Adamsberg s’adossa au tronc, tournant presque le dos à Veyrenc qui occupait l’autre moitié de l’arbre. À 9 h 30, le soleil commençait déjà à chauffer sérieusement. Le lieutenant alluma une cigarette et en passa une au commissaire par-dessus son épaule.

— Occasion idéale, approuva Adamsberg. Car si les trois saisis meurent, la terreur des habitants d’Ordebec se retournera nécessairement contre les Vendermot. Contre Lina, responsable de la vision, passeuse entre les vivants et les morts. Mais aussi contre Hippo, dont tout le monde sait qu’il avait les six doigts du diable. Dans un tel contexte, l’assassinat des deux Vendermot ne surprendrait personne, et la moitié des habitants pourrait être soupçonnée. Exactement comme quand les villageois, en mille sept cent quelque chose, ont massacré à coups de fourche un nommé Benjamin qui avait décrit les saisis. Pour mettre fin à l’hécatombe, la foule l’a tué.

— Mais nous ne sommes pas au XVIIIe siècle, la méthode changera. On n’éventrera pas Lina et Hippo sur la place publique, on fera cela plus discrètement.

— Denis assassine donc Herbier, Glayeux et Mortembot. Hormis Herbier, il le fait à la manière ancienne, en suivant plus ou moins le rite, pour renforcer la crainte populaire. C’est assez le genre de gars à appartenir à un club d’arbalétriers triés sur le volet, non ?

— Première chose à vérifier, acquiesça Veyrenc en lançant une vingtième pomme.

— Tu ne peux pas espérer viser bien en restant assis. Et comme les trois victimes sont des salopards notoires, et sans doute des assassins, Denis a d’autant moins de scrupules à les sacrifier.

— Ce qui fait qu’à l’heure où l’on parle, Lina et Hippo sont en danger immédiat.

— Pas avant la nuit.

— Tu te rends bien compte que, pour l’instant, toute l’histoire ne repose que sur ce cloporte violet.

— On peut travailler sur les alibis de Denis.

— Tu n’approcheras pas plus de ce type que tu n’as pu approcher des Clermont.

Les deux hommes restèrent un long moment silencieux, après quoi Veyrenc lança d’un coup toute sa réserve de pommes et commença à rassembler la vaisselle sur le plateau.

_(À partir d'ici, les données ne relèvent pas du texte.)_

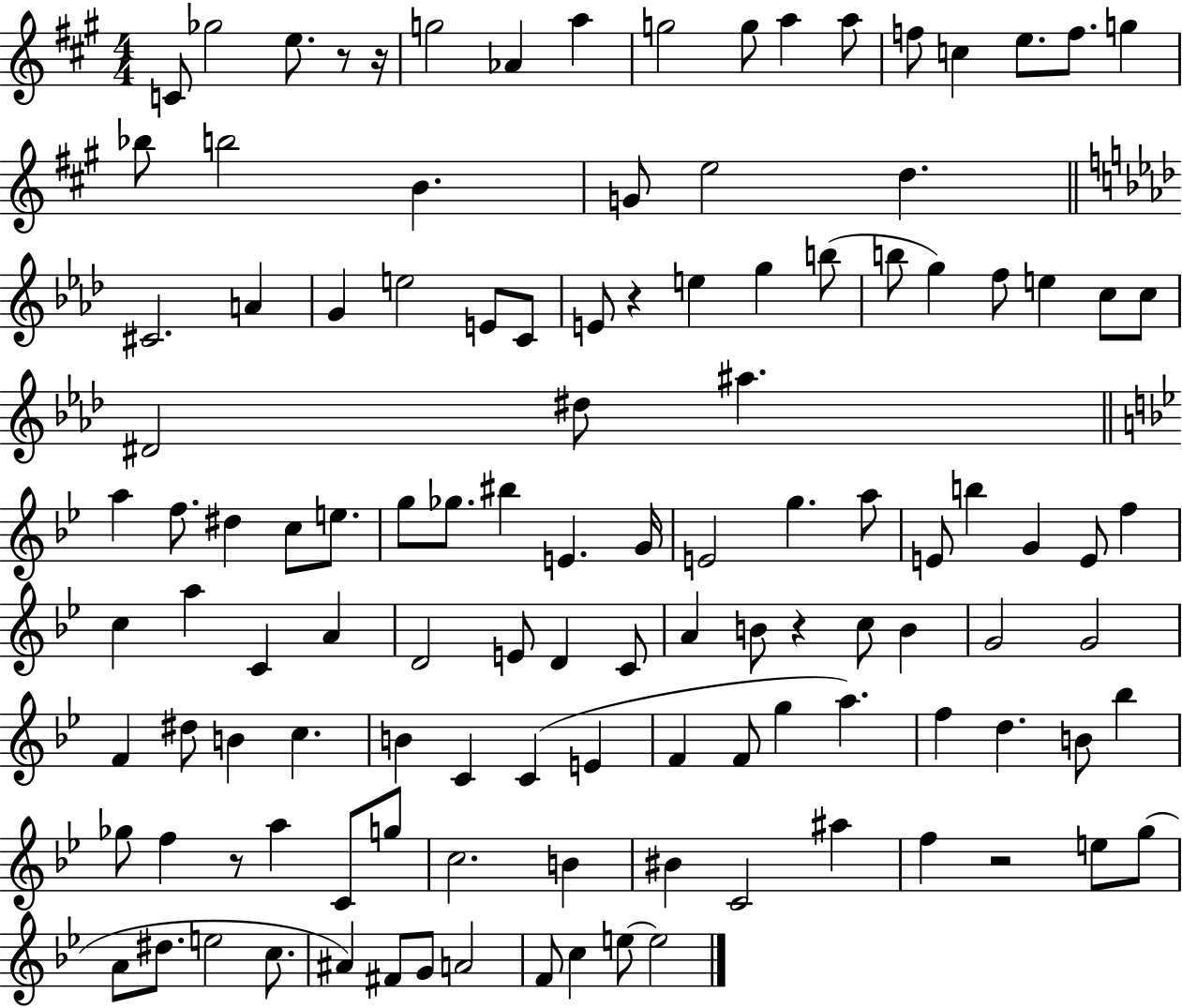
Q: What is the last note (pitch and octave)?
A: E5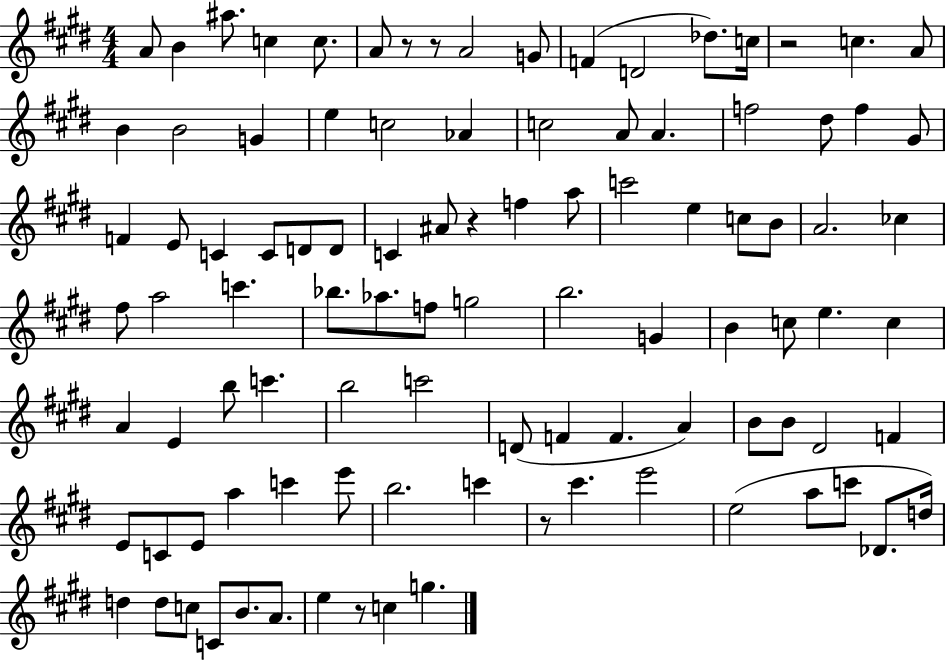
{
  \clef treble
  \numericTimeSignature
  \time 4/4
  \key e \major
  \repeat volta 2 { a'8 b'4 ais''8. c''4 c''8. | a'8 r8 r8 a'2 g'8 | f'4( d'2 des''8.) c''16 | r2 c''4. a'8 | \break b'4 b'2 g'4 | e''4 c''2 aes'4 | c''2 a'8 a'4. | f''2 dis''8 f''4 gis'8 | \break f'4 e'8 c'4 c'8 d'8 d'8 | c'4 ais'8 r4 f''4 a''8 | c'''2 e''4 c''8 b'8 | a'2. ces''4 | \break fis''8 a''2 c'''4. | bes''8. aes''8. f''8 g''2 | b''2. g'4 | b'4 c''8 e''4. c''4 | \break a'4 e'4 b''8 c'''4. | b''2 c'''2 | d'8( f'4 f'4. a'4) | b'8 b'8 dis'2 f'4 | \break e'8 c'8 e'8 a''4 c'''4 e'''8 | b''2. c'''4 | r8 cis'''4. e'''2 | e''2( a''8 c'''8 des'8. d''16) | \break d''4 d''8 c''8 c'8 b'8. a'8. | e''4 r8 c''4 g''4. | } \bar "|."
}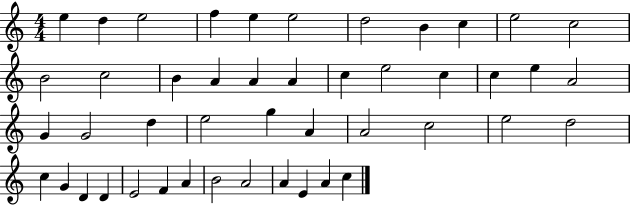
E5/q D5/q E5/h F5/q E5/q E5/h D5/h B4/q C5/q E5/h C5/h B4/h C5/h B4/q A4/q A4/q A4/q C5/q E5/h C5/q C5/q E5/q A4/h G4/q G4/h D5/q E5/h G5/q A4/q A4/h C5/h E5/h D5/h C5/q G4/q D4/q D4/q E4/h F4/q A4/q B4/h A4/h A4/q E4/q A4/q C5/q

— Regarde, lui dit Adamsberg à voix basse, en lui attrapant le bras. Hellebaud sort.

Et en effet, le pigeon s’était éloigné jusqu’à deux mètres du seuil de la chambre.

— Tu as mis des grains jusque-là ? demanda Veyrenc.

— Non.

— Alors c’est qu’il cherche des insectes par lui-même.

— Des insectes, des crustacés, des arthropodes.

— Oui.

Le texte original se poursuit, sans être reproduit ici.